The Formation of Binary Star Clusters in the Milky Way and Large Magellanic Cloud

TL;DR

This study uses N-body simulations to explore how binary star clusters form and evolve in the Milky Way and Large Magellanic Cloud, revealing the influence of initial conditions and environment on their formation and longevity.

Contribution

It provides new insights into the formation mechanisms and dynamical evolution of binary star clusters through detailed simulation analysis.

Findings

Approximately 45% of stellar aggregates form binary clusters within 20 Myr in the Milky Way.

Around 90% of binary clusters in the LMC survive beyond 20 Myr.

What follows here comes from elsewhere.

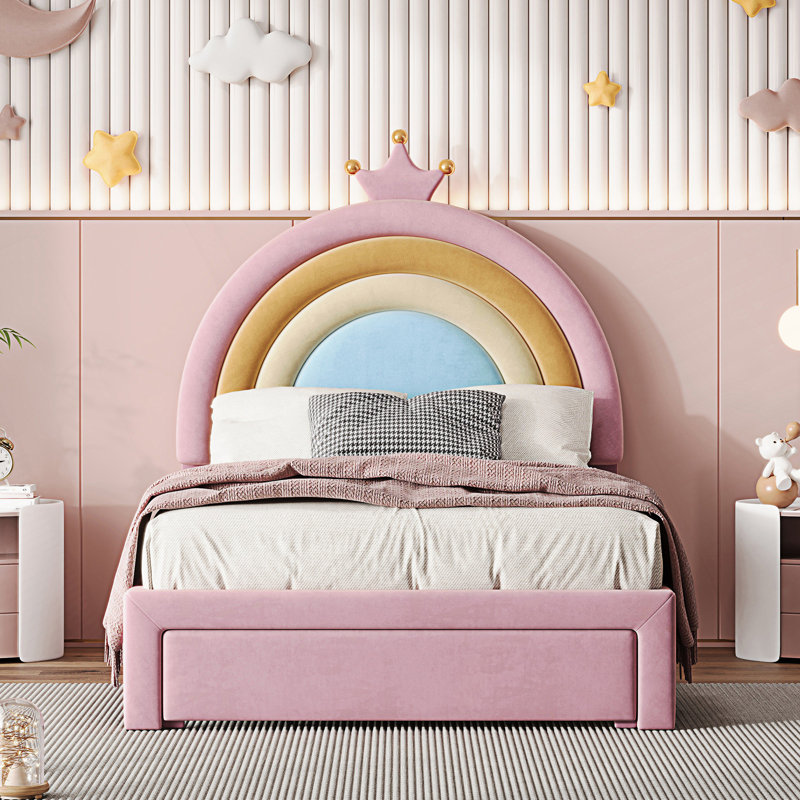 Lit simple tapissier arc-en-ciel, lit plateforme Princess avec tiroir de rangement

Merging of binary clusters can produce fast rotating star clusters with flat rotation curves.

Abstract

Recent observations of young embedded clumpy clusters and statistical identifications of binary star clusters have provided new insights into the formation process and subsequent dynamical evolution of star clusters. The early dynamical evolution of clumpy stellar structures provides the conditions for the origin of binary star clusters. Here, we carry out $N$-body simulations in order to investigate the formation of binary star clusters in the Milky Way and in the Large Magellanic Cloud (LMC). We find that binary star clusters can form from stellar aggregates with a variety of initial conditions. For a given initial virial ratio, a higher degree of initial substructure results in a higher fraction of binary star clusters. The number of binary star clusters decreases over time due to merging or dissolution of the binary system. Typically, $\sim 45\%$ of the aggregates evolve into binary/multiple clusters within $t=20$~Myr in the Milky Way environment, while merely $\sim30\%$ survives beyond $t=50$~Myr, with separations $\lesssim 50$~pc. On the other hand, in the LMC, $\sim 90\%$ of the binary/multiple clusters survive beyond $t=20$~Myr and the fraction decreases to $\sim 80\%$ at $t=50$~Myr, with separations $\lesssim 35~$pc. Multiple clusters are also rapidly formed for highly-substructured and expanding clusters. The additional components tend to detach and the remaining binary star cluster merges. The merging process can produce fast rotating star clusters with mostly flat rotation curves that speed up in the outskirts.